Present each line of the entries below that holds the word "Bedroom".

** Opening AVAILABLE DATA block **

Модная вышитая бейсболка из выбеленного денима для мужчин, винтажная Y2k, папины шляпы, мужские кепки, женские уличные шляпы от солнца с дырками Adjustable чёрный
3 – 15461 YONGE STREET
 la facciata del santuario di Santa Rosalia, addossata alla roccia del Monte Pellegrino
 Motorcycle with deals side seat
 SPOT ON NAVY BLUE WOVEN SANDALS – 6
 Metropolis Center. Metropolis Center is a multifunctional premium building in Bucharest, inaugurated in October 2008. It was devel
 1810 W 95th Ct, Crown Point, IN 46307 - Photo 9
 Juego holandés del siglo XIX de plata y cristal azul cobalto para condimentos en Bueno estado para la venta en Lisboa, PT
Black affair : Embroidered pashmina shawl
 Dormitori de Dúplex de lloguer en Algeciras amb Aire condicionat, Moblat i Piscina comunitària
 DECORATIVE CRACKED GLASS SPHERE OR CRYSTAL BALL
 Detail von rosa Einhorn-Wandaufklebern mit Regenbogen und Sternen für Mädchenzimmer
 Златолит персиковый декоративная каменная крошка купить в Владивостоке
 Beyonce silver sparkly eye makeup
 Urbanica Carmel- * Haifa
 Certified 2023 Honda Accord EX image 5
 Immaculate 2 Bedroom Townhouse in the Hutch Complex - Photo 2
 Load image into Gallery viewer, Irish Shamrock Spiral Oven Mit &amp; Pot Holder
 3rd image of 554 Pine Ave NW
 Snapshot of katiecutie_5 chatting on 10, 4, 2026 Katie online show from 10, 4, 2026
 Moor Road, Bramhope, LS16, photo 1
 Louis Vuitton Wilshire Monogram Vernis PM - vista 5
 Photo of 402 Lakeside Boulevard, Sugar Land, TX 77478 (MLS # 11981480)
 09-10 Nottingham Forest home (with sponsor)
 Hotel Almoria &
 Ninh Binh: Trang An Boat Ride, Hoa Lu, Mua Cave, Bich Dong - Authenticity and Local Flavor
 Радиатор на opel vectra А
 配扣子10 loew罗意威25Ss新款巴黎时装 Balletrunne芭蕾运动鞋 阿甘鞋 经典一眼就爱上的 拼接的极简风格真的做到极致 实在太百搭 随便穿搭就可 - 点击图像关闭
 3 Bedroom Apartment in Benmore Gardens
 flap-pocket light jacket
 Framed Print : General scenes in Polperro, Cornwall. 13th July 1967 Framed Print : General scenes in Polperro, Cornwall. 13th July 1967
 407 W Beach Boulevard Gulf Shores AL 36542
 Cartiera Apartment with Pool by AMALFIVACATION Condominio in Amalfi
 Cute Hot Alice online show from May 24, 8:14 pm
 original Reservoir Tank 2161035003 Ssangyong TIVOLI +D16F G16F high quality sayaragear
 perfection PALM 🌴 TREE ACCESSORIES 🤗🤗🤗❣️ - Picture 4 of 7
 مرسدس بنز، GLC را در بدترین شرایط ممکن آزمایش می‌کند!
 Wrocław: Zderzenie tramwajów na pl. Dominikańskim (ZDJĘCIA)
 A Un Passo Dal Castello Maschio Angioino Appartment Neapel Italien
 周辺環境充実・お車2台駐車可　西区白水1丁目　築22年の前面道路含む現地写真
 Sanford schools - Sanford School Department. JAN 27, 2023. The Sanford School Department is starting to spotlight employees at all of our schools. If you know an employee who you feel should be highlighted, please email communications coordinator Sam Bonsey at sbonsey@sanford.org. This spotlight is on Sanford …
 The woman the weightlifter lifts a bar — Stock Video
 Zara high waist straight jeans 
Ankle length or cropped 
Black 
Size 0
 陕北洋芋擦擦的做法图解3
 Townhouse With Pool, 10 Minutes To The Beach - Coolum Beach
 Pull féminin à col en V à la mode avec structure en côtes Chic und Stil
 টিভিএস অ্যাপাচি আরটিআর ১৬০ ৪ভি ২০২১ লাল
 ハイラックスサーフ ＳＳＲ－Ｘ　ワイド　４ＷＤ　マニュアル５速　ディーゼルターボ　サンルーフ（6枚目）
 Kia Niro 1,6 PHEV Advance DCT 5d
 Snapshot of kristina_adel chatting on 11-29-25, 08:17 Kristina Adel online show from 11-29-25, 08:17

** Closing AVAILABLE DATA block **

▸ **RESPONSE**:
 Immaculate 2 Bedroom Townhouse in the Hutch Complex - Photo 2
 3 Bedroom Apartment in Benmore Gardens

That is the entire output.